Speaker: Tommy Cai (UManitoba)
Title: Regular Left-orderings of Integer Lattice
Time: 11:30am
Room: 225 St Paul's College
Zoom link: https://umanitoba.zoom.us/j/65251826619 password the first 6 Fibonacci numbers (starting with 11...)
Abstract: A finite state automaton (FSA) can be viewed as a finite directed graph whose edges are labeled by symbols from an alphabet. It has a designated initial vertex and a set of accepting vertices. The regular language recognized by the FSA is the set of all words that label paths starting from the initial vertex and ending at an accepting vertex.
A group G is left-orderable if there is a sub-semigroup P, called a positive cone, such that for every element g in G, either g is in P, or g is identity or g^{-1} is in P. We call such P a left-ordering of G, and say this left-ordering is regular if there is a FSA M, with alphabet \Sigma and language L(M) recognized by M, and there is a homomorphism \phi from \Sigma^*, the free subgroup generated by \Sigma, to G, such that \phi(L(M))=P.
For each integer n, the integer lattice \mathbb Z^n is left-orderable, and it has many left-orderings.
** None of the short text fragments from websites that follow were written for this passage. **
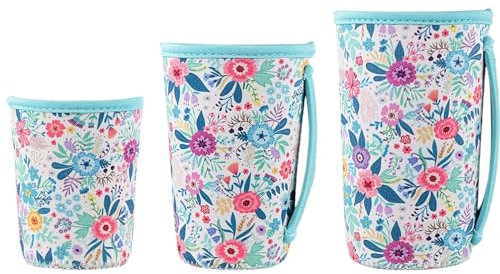 CUSROS 3Pcs Reusable Iced Coffee Sleeves, Fits 16-32 Oz Cups, Neoprene, Blue, Green, Purple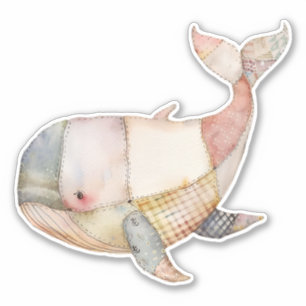 Pegatina de Ballenas de Patchwork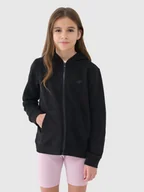 Bluzy dla dziewczynek - 4F Bluza dresowa rozpinana z kapturem dziewczęca - czarna 122 (6-7 lat) - miniaturka - grafika 1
We characterize all the regular left-orderings of \mathbb Z^n.
This is a joint work with Danna Kapoostinsky and Colin Krisko.
Speaker: Ben Moore (UManitoba)
Title: Flow-critical graphs
Time: 11:30am
Room: TBA
Zoom link: TBA
Abstract: Tutte boldly conjectured that every 4-edge-connected graph admits an orientation such that every vertex has indegree - outdegree divisible by three. If true, this is a wide-reaching generalization of the fact that triangle-free planar graphs are 3-colourable. In a breakthrough result in 2013, thomassen proved that 8-edge-connected suffices, and then later he reduced this to 6-edge-connected.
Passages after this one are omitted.